The simplistic resolutions they advocate play well into socially recognized primal answers to primal conflicts, contemptuously bypassing the detailed, logical examination. An eye for an eye, a tooth for a tooth. A common misuse of the Ockham razor’s principle - it is simple so it must be right, right? Not necessarily.
In 1914, George Perry Graham, a politician and a journalist, arguing against death penalty told the Canadian Parliament those words:
If in this present age we were to go back to the old time of 'an eye for an eye and a tooth for a tooth,' there would be very few hon. gentlemen in this House who would not, metaphorically speaking, be blind and Toothless.*
But that kind of logical reflection, while true, goes against natural instinct and is already more abstract and complicated than what the Code of Hammurabi says.
If an idea has been attractively presented, it attracts. If it is presented as primitive or stupid, it become associated with primitiveness or stupidity. Popular movies present popular sentiments in an attractive fashion. Renato Casaro became a master of meta-presentation of popular sentiments, encompassing the whole message of the movie in a singular work of art. And there is nothing wrong with that, as long as the audience doesn’t lose perspective and won’t mix life and screen.
Maybe that is why among Casaro’s many works we find the tongue-in-cheek, meme-like rendition of the famous Michelangelo's Creation of Adam from the Sistine Chapel where he bluntly replaced God the Father with a group of Hollywood stars carrying in their arms the Goddess herself - Marylin Monroe.
The other pastiches soon followed - Leonardo’s Last Supper, Rafael’s The School of Athens, and others. Too bad the curators of the Treviso exhibition, striving to present the most dignified side of the Maestro del manifesto, decided to omit the ironic part of his art, maybe because of regarding it as “too frivolous”? An unnecessary defense, when Casaro's best works, like the humble studio sketch for “Once Upon a Time in America” speak for themselves.

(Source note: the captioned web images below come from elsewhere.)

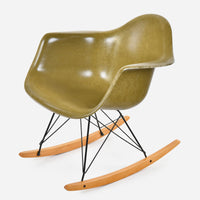 Maple Rocker - Black Wire Olive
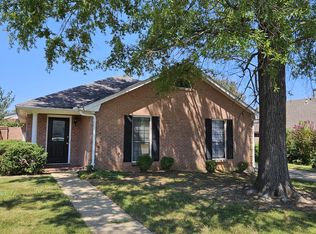 1616 Queen Elizabeth Ct, Montgomery, AL 36117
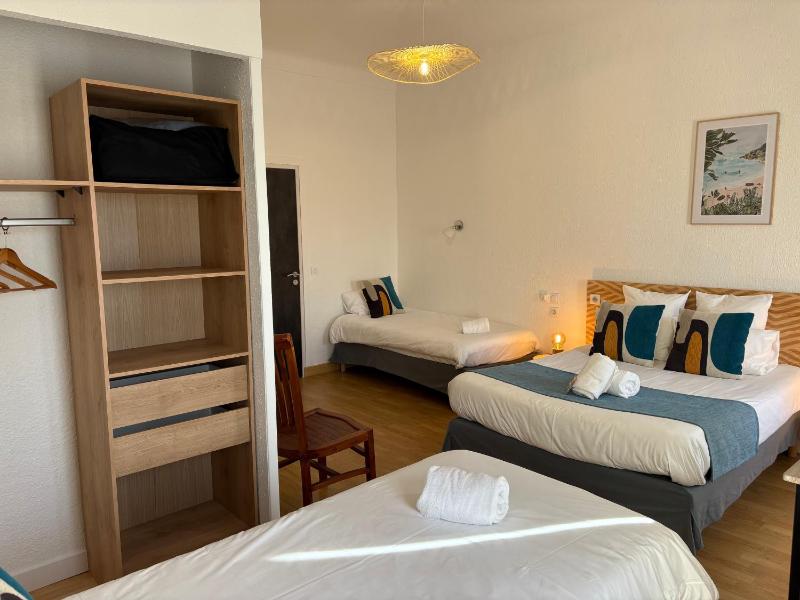 Family Room with City View  image 3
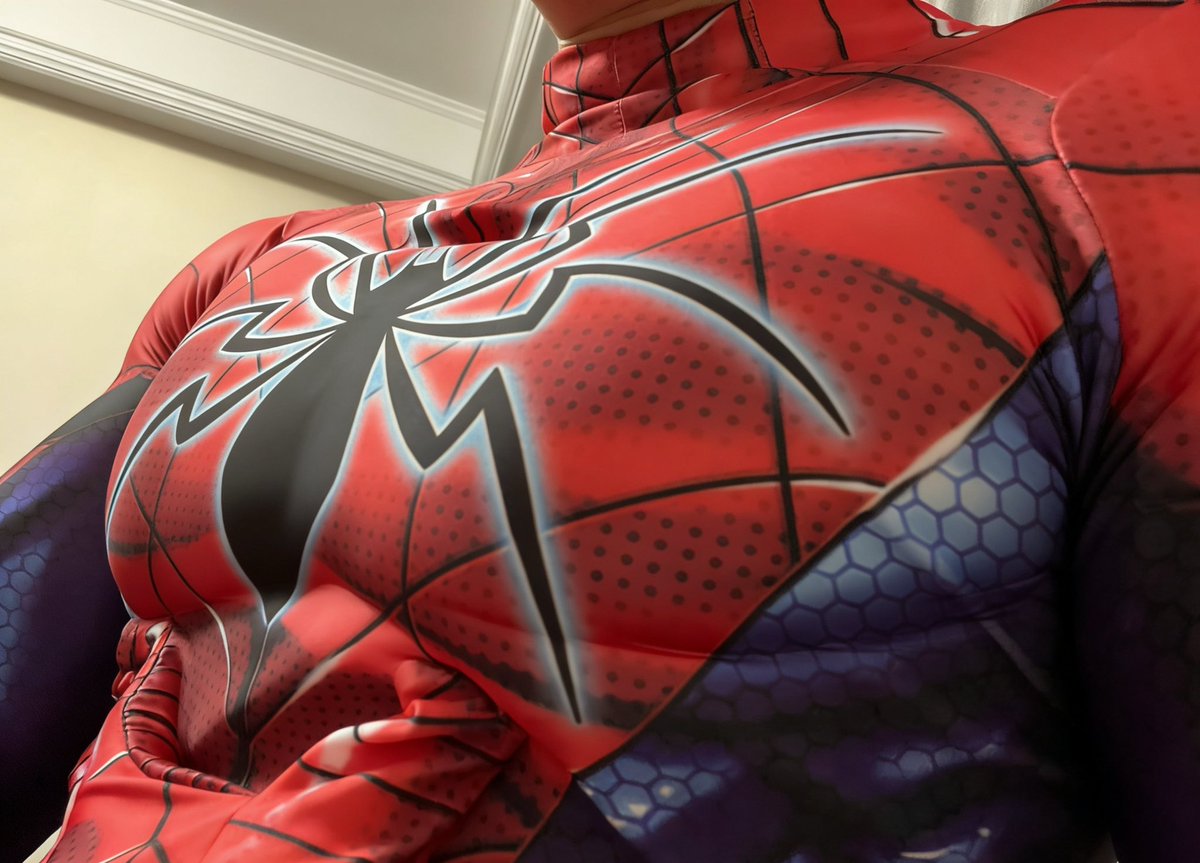 Jaz111818's tweet photo. 买小了，有点勒奶……#Spiderman  #农牛sm https://t.co/TobdmUJryE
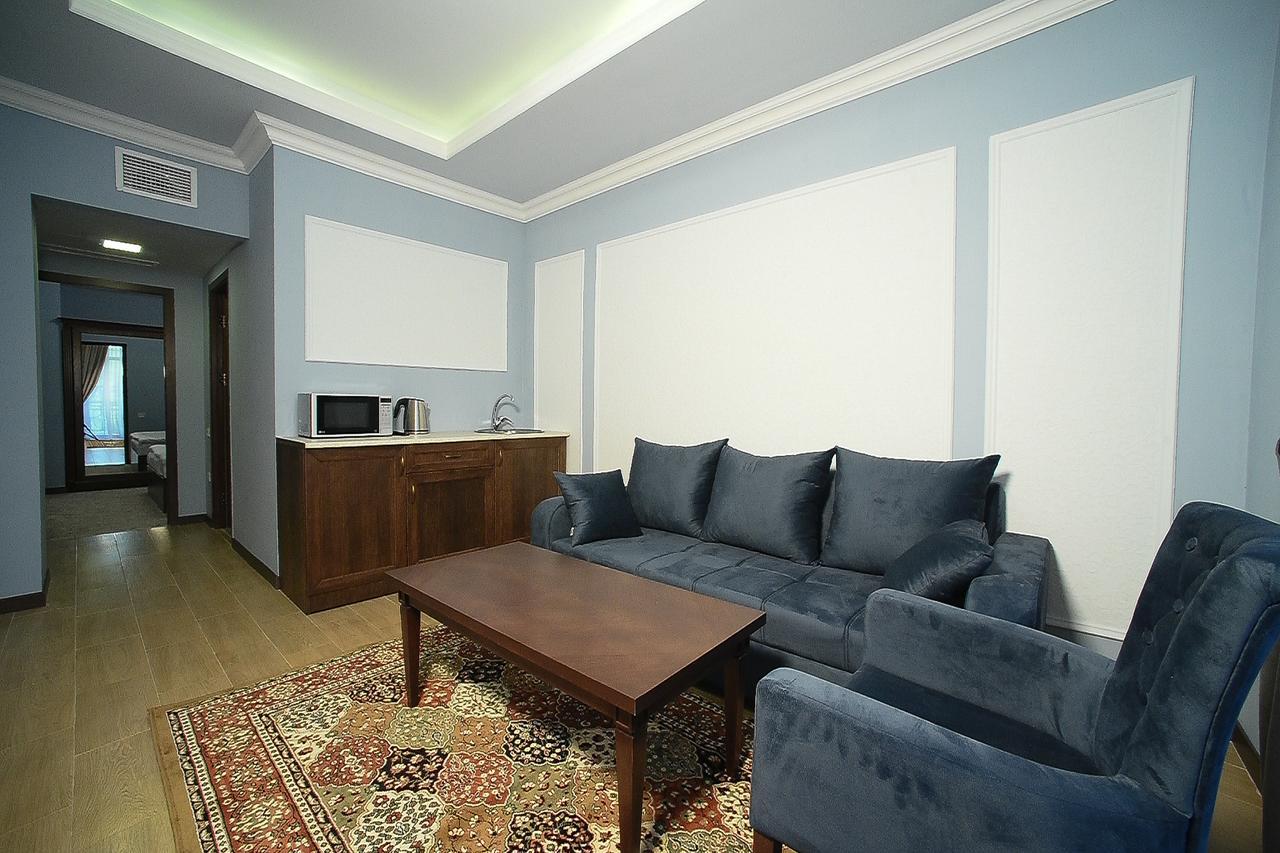 Boulevard Hotel Ереван Екстериор снимка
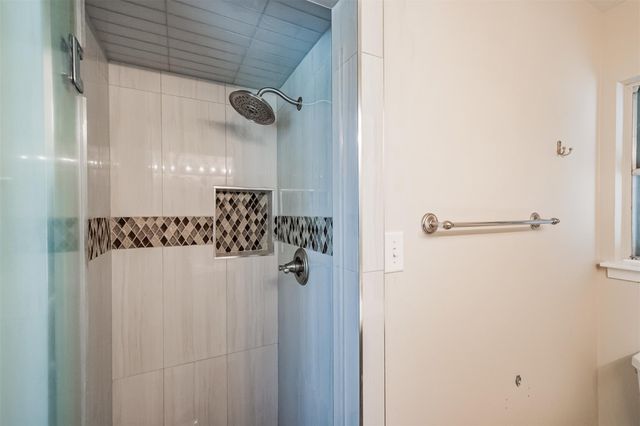 18211 Mueschke Road, Cypress, TX 77433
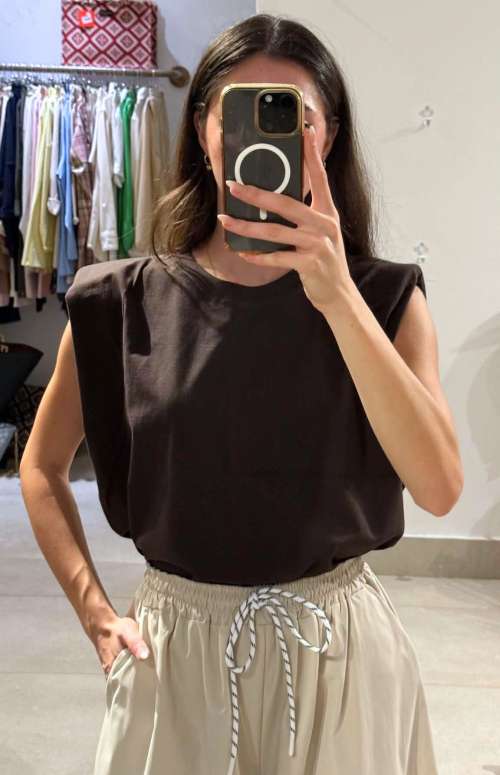 SLEEVLESS TOP WITH SHOULDER PADS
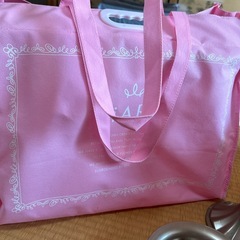 フローラルオアシス、花器、バッグの画像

A simple, black and white sketch, where the light itself draws a silhouette of a car driving in heavy rain through the looming, dark gorge-like street walled with the blunt mass of high rise buildings. Casaro, like nobody else, found out what really attracts us to Sergio Leone’ movies. It is not about a violence or about all these overly simplistic solutions to moral dilemmas. The ultimate visual power of both the movie and its poster created by Casaro comes from the nostalgic pathos of impermanence, a particular aesthetic value not so very different from the “mono no aware” concept of traditional Japanese art. Maybe that is why, when Bertolucci saw for the first time Casaro's poster for the Little Buddha he said: "It is magnificent, it almost seems to smell like incense..."
Meanwhile in Treviso, Sylvester Stallone casts gloomy looks over the Soviet assault helicopter and Lee Van Clef shoots his way out of the trouble while Kevin Costner knowingly winks at the viewer. The border between art and kitsch is a fluid one and not easy to define. Is it art? Is it kitsch? Does it really matter? After all, as Herta Müller noticed: At the ‘zero point' of existence, kitsch is the last tip of normality.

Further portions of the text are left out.